Take the line that contains "Molecular Structure of" as the start and the last line of the entries as the end, and print both and everything between them exactly, without the pictures.

• [Data]
----

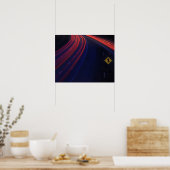 Lichtspoor voor het verkeer van voertuigen poster (Keuken)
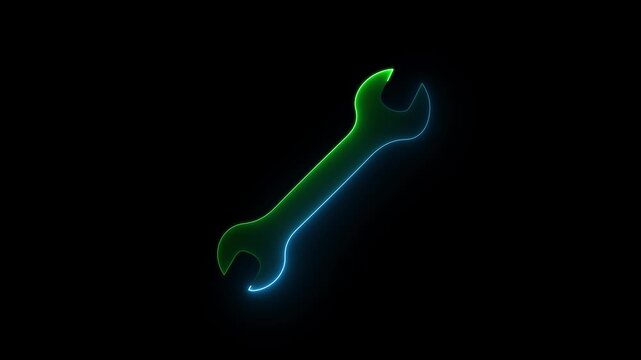 Neon green and blue glowing wrench icon, on dark background, futuristic digital repair tool, blue light technology symbol.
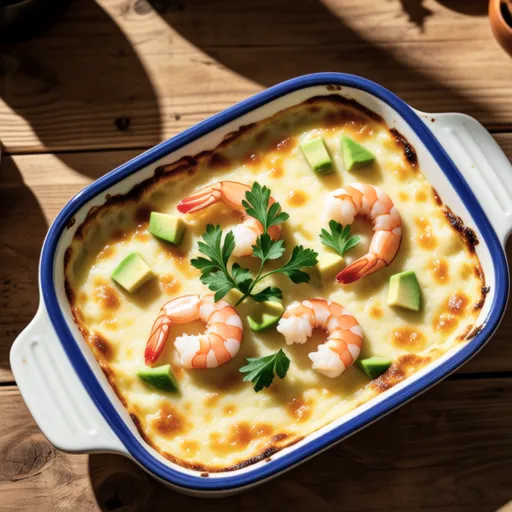 Tofu Cream Shrimp Avocado Gratin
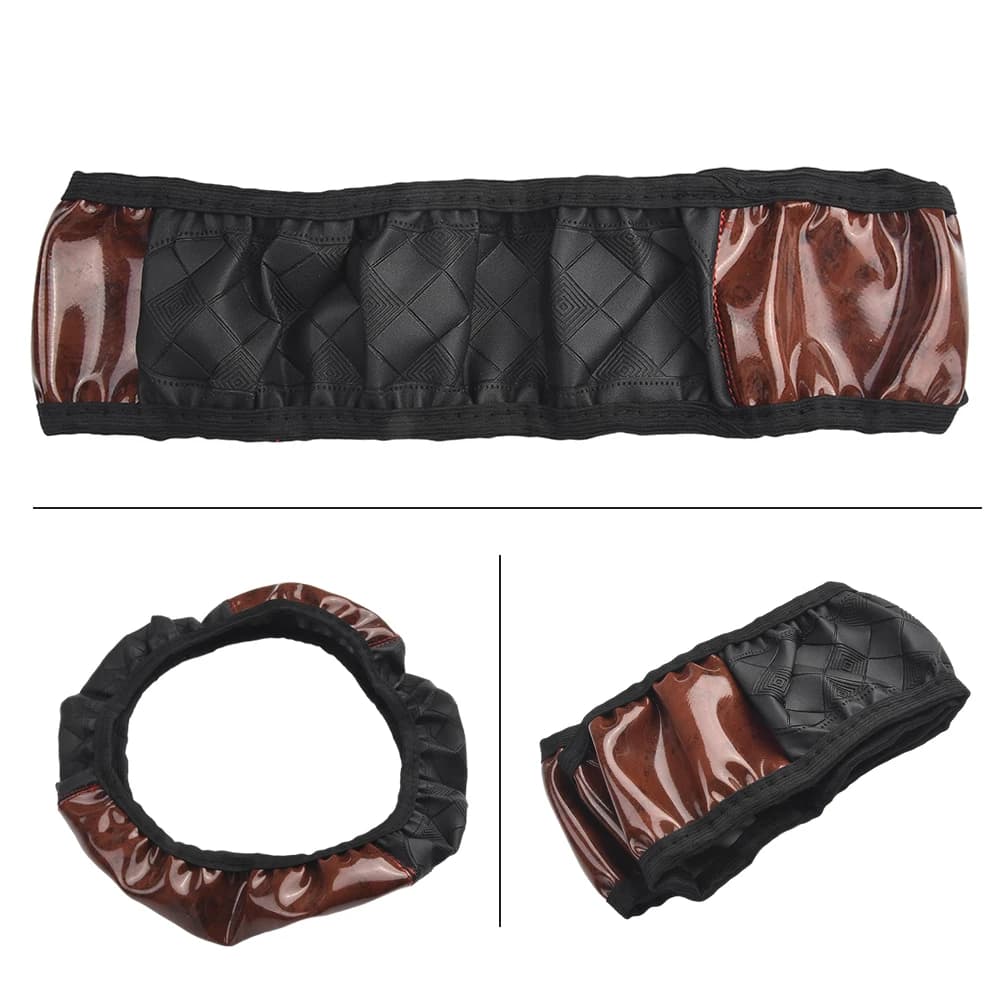 Stylish Wood Grain Faux Leather Car Steering Wheel Cover Adds a Touch of Elegance to Your Car's Interior 14 5 15 5 Inch Diameter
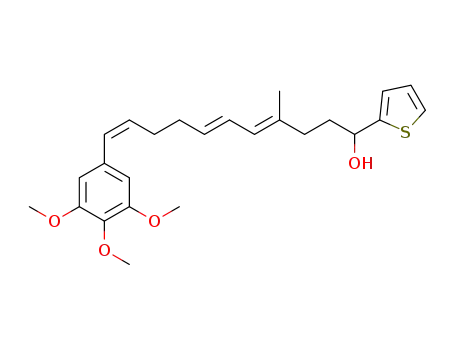Molecular Structure of 308816-06-0 (2-Thiophenemethanol,
a-[(3E,5E,9Z)-3-methyl-10-(3,4,5-trimethoxyphenyl)-3,5,9-decatrienyl]-)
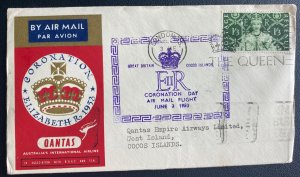 1953 London England FDCCover To Cocos  Island Queen Elizabeth II Coronation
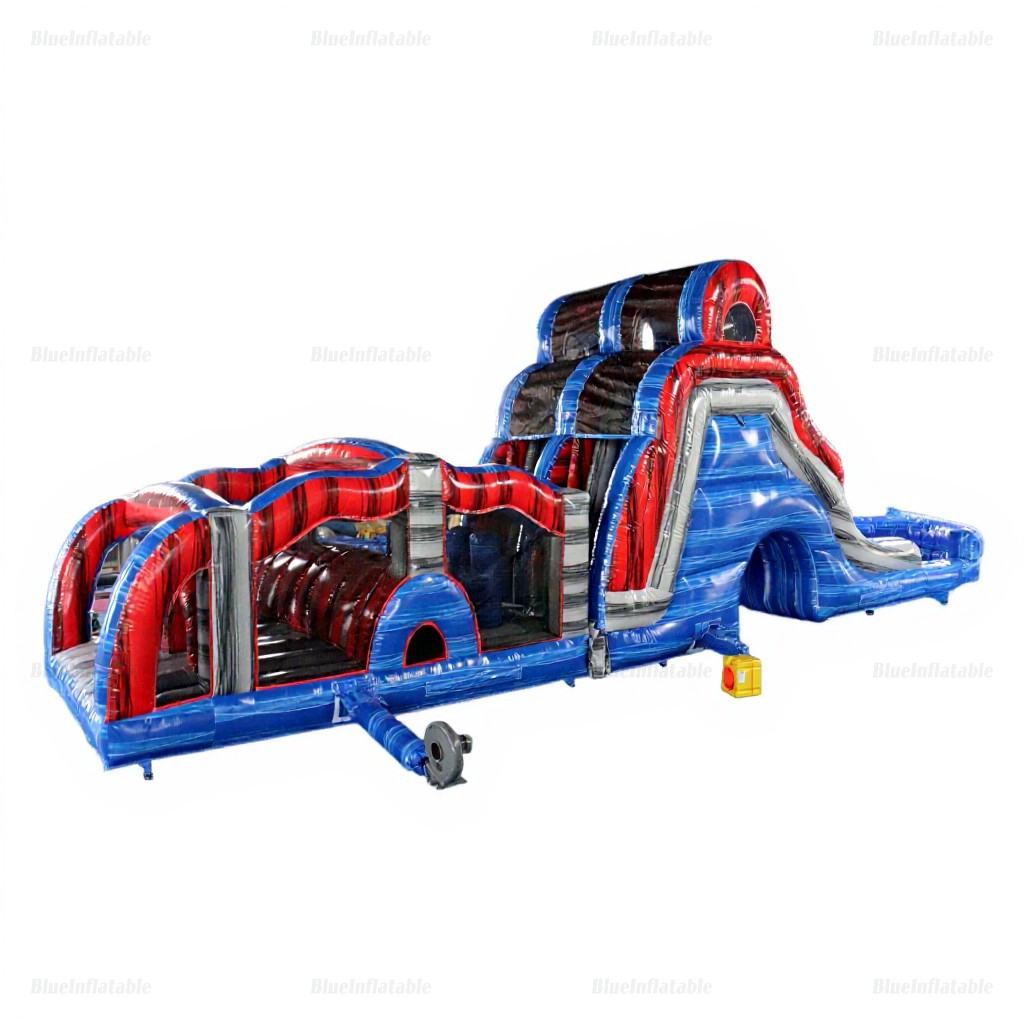 Large Inflatable Water Slide Obstacle Course with Pool - Image 2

----

• [Exercise answer]
Molecular Structure of 308816-06-0 (2-Thiophenemethanol,
a-[(3E,5E,9Z)-3-methyl-10-(3,4,5-trimethoxyphenyl)-3,5,9-decatrienyl]-)
 1953 London England FDCCover To Cocos  Island Queen Elizabeth II Coronation
 Large Inflatable Water Slide Obstacle Course with Pool - Image 2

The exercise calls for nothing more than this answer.